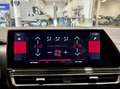 Citroen C5 Aircross PHASE 2 1.2 HYBRID 145 DCS6 MAX Bleu - thumbnail 14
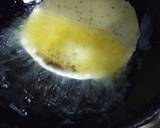 Pakwaan recipe step 6 photo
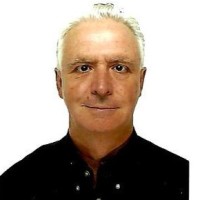 OLIVIER FITAMANT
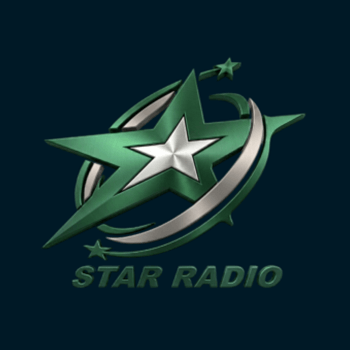 Star Radio - Urban Folk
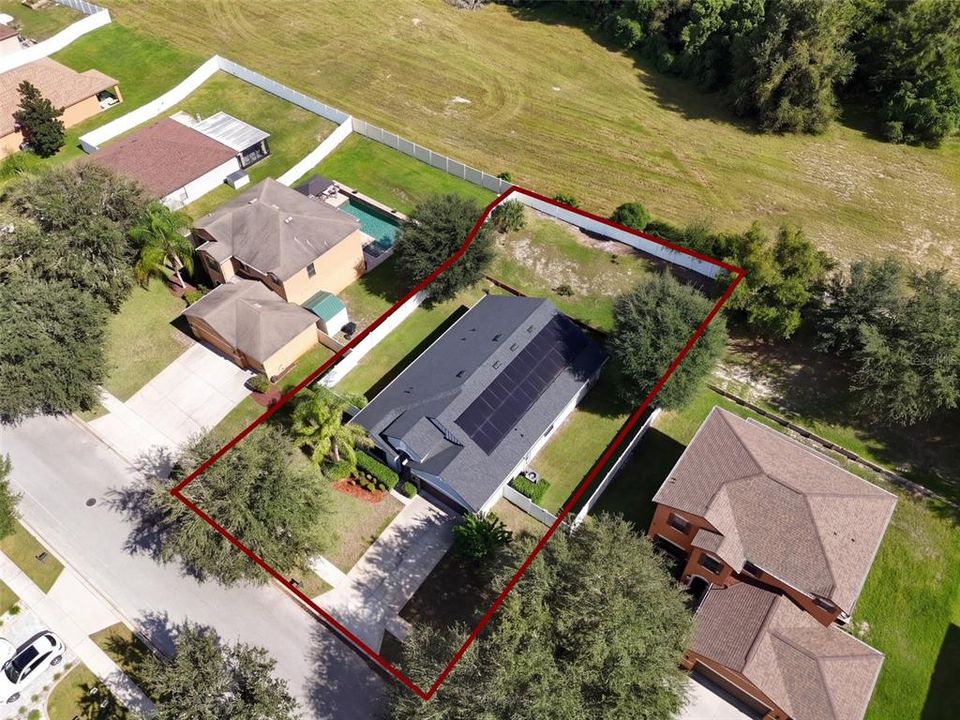 На продажу: $360,000 (4 спален, 2 ванн, 1857 Квадратных фут)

::::::

Copy the material exactly as written and leave every picture behind.

**WRITTEN SOLUTION**
 Citroen C5 Aircross PHASE 2 1.2 HYBRID 145 DCS6 MAX Bleu - thumbnail 14
 Pakwaan recipe step 6 photo
 OLIVIER FITAMANT
 Star Radio - Urban Folk
 На продажу: $360,000 (4 спален, 2 ванн, 1857 Квадратных фут)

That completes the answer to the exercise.